## Data for processing

--------------------------------------------------

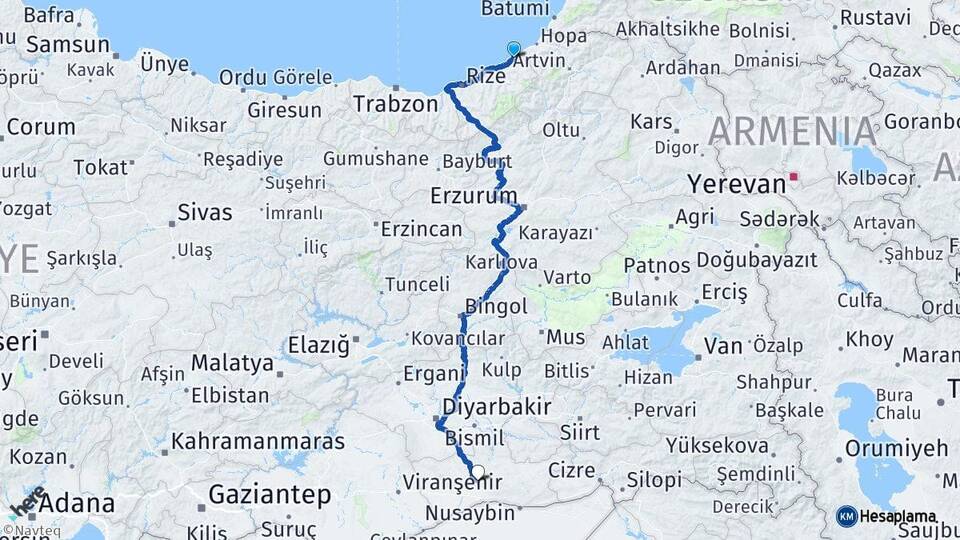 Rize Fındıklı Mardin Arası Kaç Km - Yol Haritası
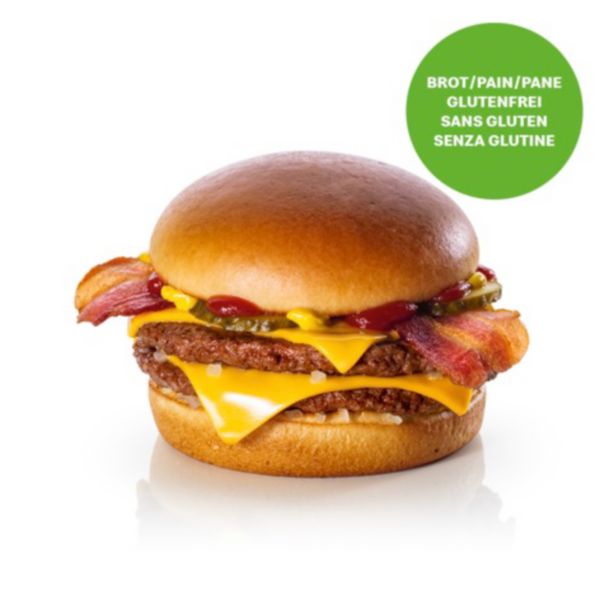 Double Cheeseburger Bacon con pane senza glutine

--------------------------------------------------

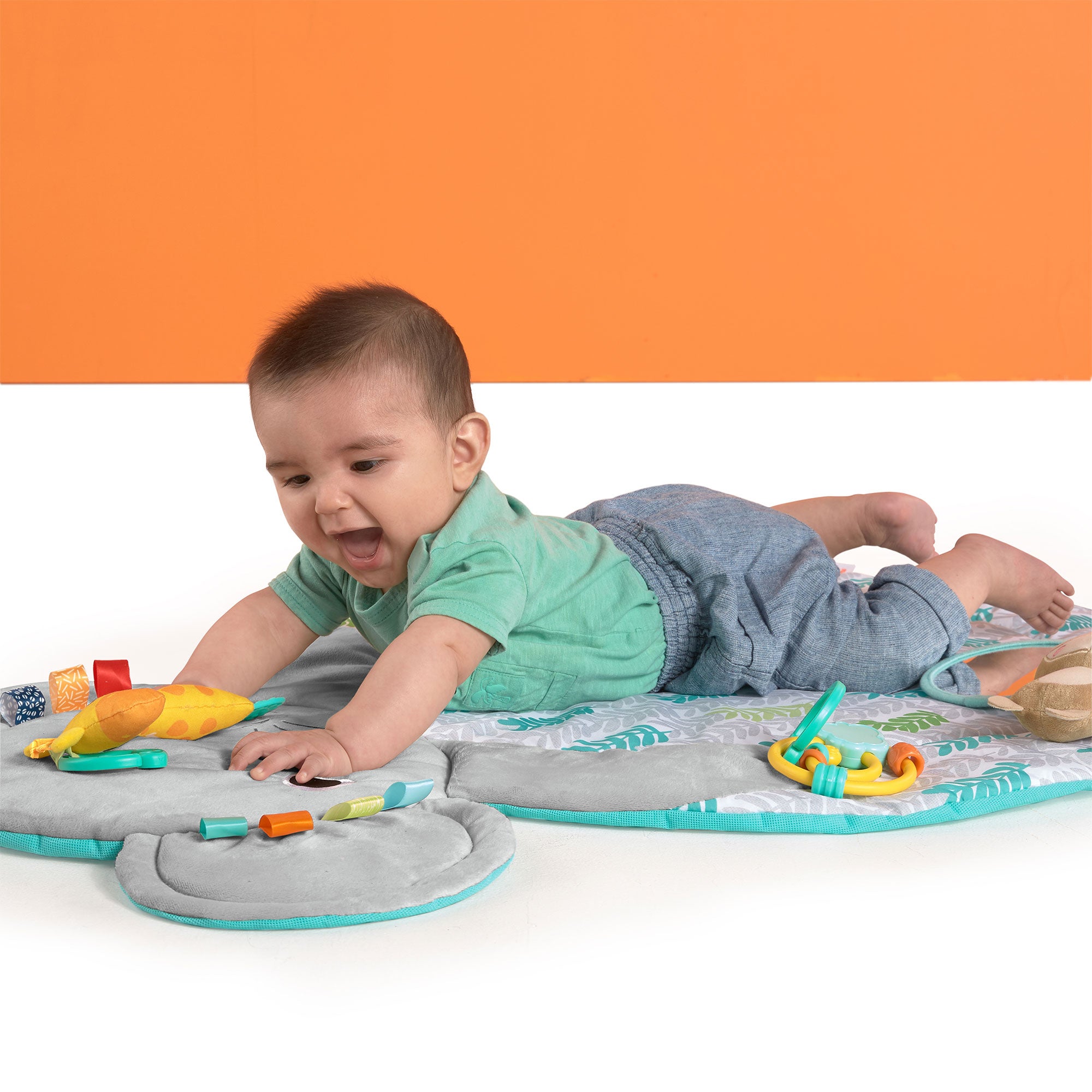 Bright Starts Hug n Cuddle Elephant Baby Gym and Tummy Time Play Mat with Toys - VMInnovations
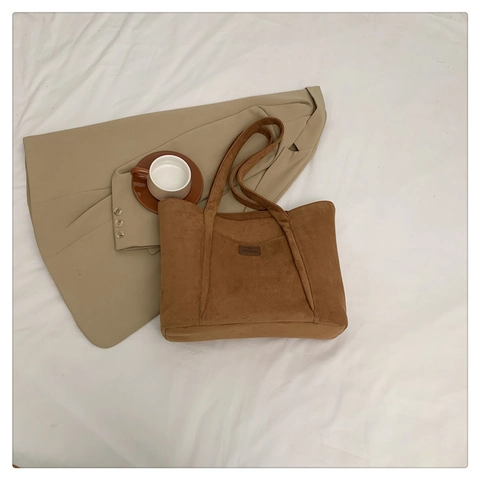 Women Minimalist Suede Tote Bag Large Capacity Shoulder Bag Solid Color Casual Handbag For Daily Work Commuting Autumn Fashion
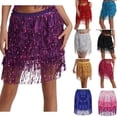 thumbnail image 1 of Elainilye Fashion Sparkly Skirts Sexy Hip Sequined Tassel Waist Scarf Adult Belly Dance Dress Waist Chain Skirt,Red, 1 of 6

--------------------------------------------------

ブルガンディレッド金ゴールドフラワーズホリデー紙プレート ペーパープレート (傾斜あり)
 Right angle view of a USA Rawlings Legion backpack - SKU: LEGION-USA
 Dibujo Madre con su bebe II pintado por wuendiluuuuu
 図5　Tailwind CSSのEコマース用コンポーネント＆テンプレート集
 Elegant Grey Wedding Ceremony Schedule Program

--------------------------------------------------

## Exercise goal
Everything above from the line containing "ブルガンディレッド金ゴールドフラワーズホリデー紙プレート ペーパープレート (傾斜あり)" through the line containing "Elegant Grey Wedding" must be copied exactly. Nothing outside that range belongs in the answer.

## Response box
ブルガンディレッド金ゴールドフラワーズホリデー紙プレート ペーパープレート (傾斜あり)
 Right angle view of a USA Rawlings Legion backpack - SKU: LEGION-USA
 Dibujo Madre con su bebe II pintado por wuendiluuuuu
 図5　Tailwind CSSのEコマース用コンポーネント＆テンプレート集
 Elegant Grey Wedding Ceremony Schedule Program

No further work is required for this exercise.